AIM OF THE EXERCISE: For this exercise, write out the full listing that follows exactly and skip its pictures.

EXERCISE DATA:
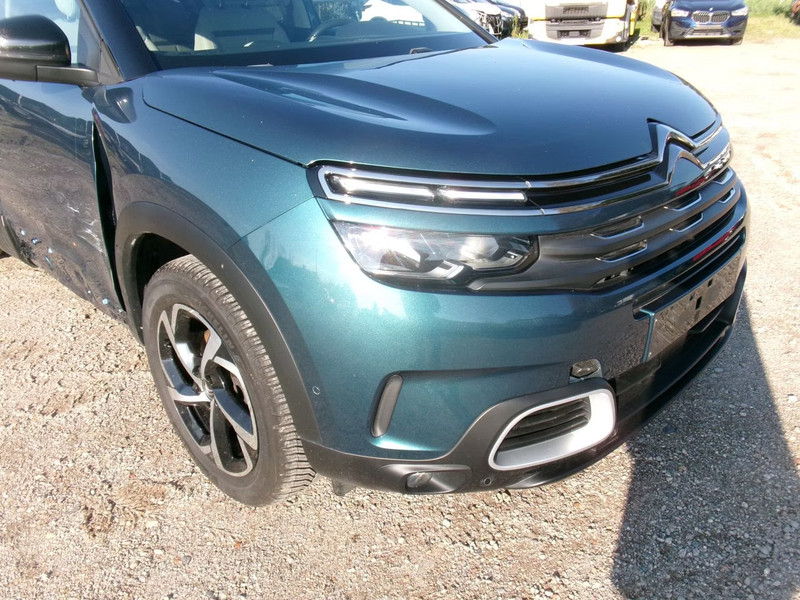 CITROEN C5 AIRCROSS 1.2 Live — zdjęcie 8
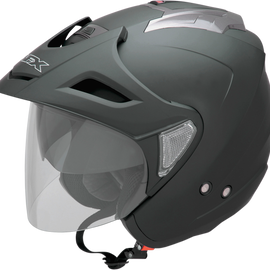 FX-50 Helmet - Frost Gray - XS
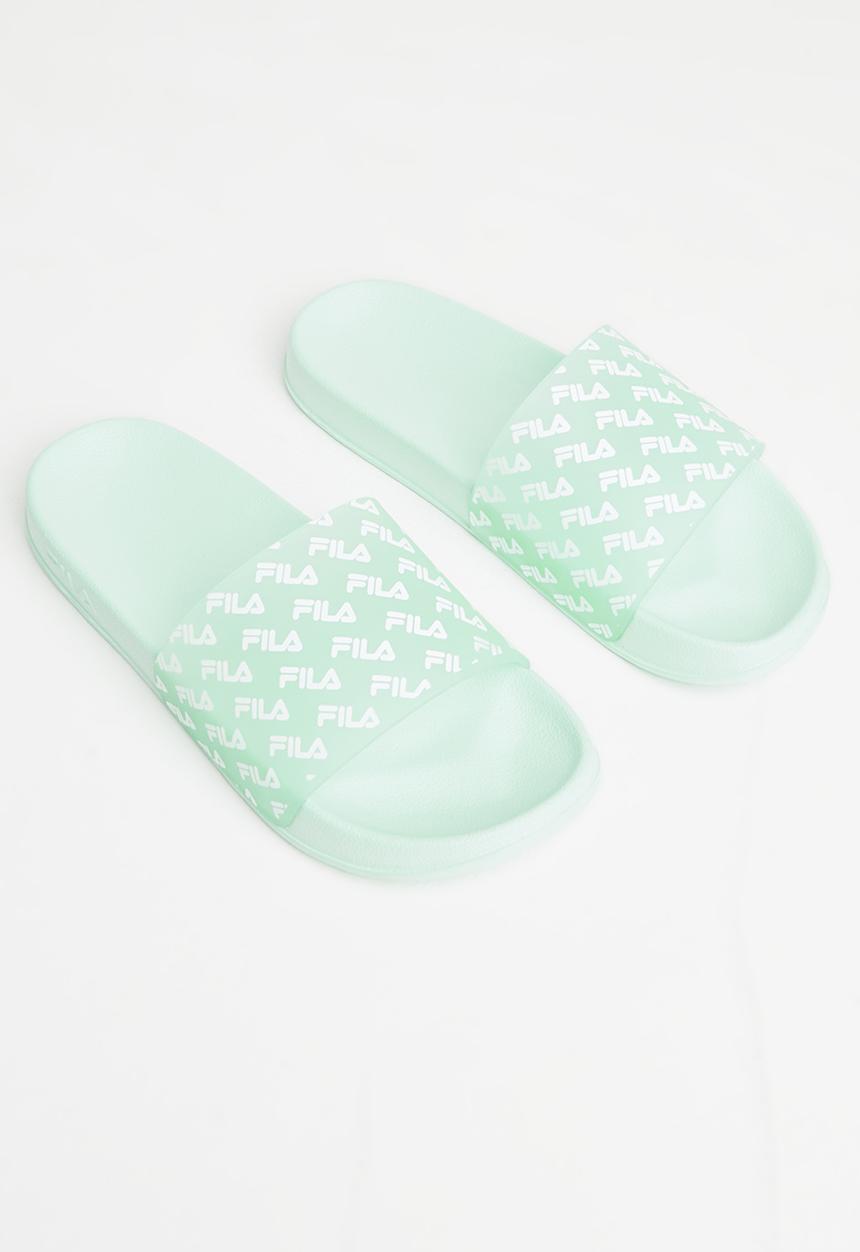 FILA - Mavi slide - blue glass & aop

OUTPUT FOR THIS TASK:
 CITROEN C5 AIRCROSS 1.2 Live — zdjęcie 8
 FX-50 Helmet - Frost Gray - XS
 FILA - Mavi slide - blue glass & aop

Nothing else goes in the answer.